I just started to take some time this morning to view a few presentations at the K12 Online Conference (free!) and first, I watched an “education” story by a student named Colby and then a presentation about a music class where kids are composing and creating all the time.
A few weeks ago, I did watch Dean Shareski’s opening keynote (Sharing: The Moral Imperative) about the need for teachers to use the tools of technology for sharing their best practices, to help inform others. He argued that this is an obligation that we should have in the Web 2.0 environment — which supports the idea of lateral change — from teacher to teacher — as opposed to vertical change (administrator to teacher).
Today, I heard student voices, not teacher voices, and that was fine by me.
Colby’s story (The Life Practice Model) is intriguing because he transferred to a charter school where hands-on learning was central to everything, and he uses his interest and knowledge of technology for learning. Man, it is good to hear student voices telling us their stories from their perspectives, instead of us teachers (me, included) interpreting their learning through our pedagogical lens.

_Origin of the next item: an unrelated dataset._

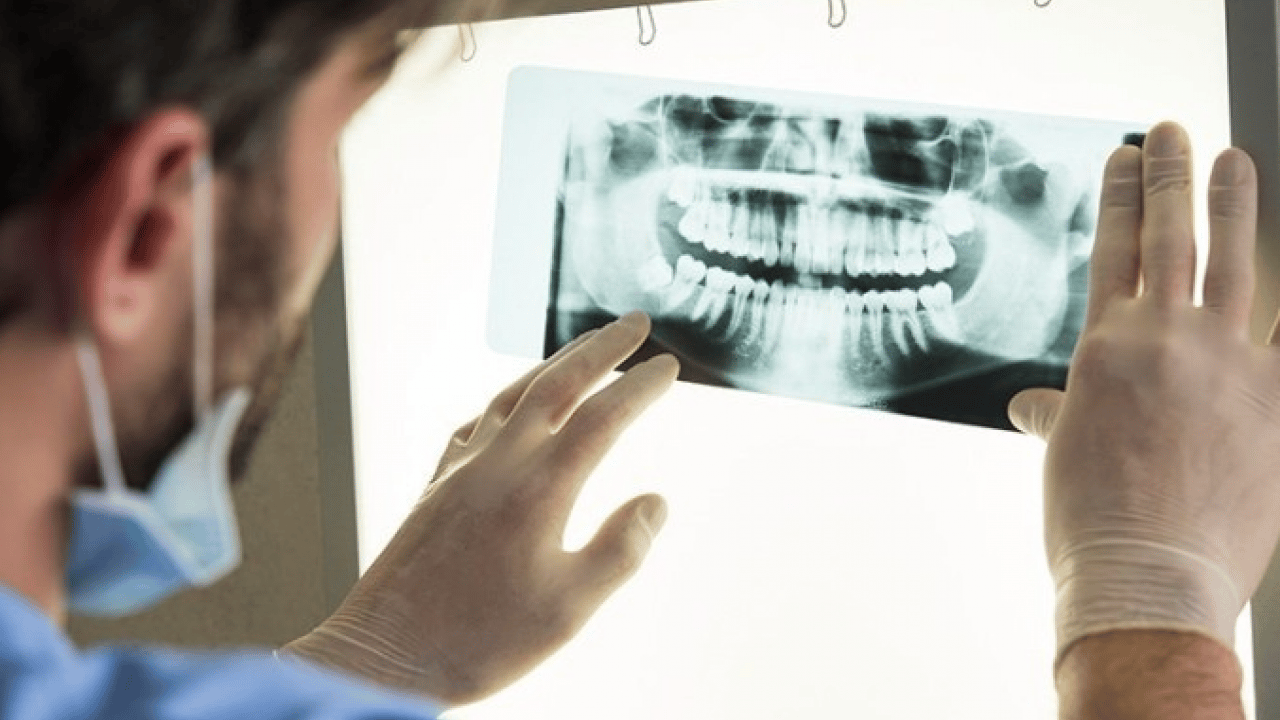 Uzmanlardan önemli uyarı: Kanal tedavisi ihmali kistlere yol açabilir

The other presentation — Let Me Tell You MY Story — is all about a middle school music class and what the students are doing to integrate music into moviemaking (love the stopmotion work) and more. The music lab seems pretty incredible, and something that I will be you don’t see in a lot of schools — computers all over the place and keyboards galore. But the kids are clearly reveling in the creative environment, and come to see the importance of music in the world of multimedia. (See the teacher, Carol Broos, website)
Best quote from a student, in the music presentation: “I don’t really follow the curriculum that much. I just hop from place to place. I put music in all of my projects.”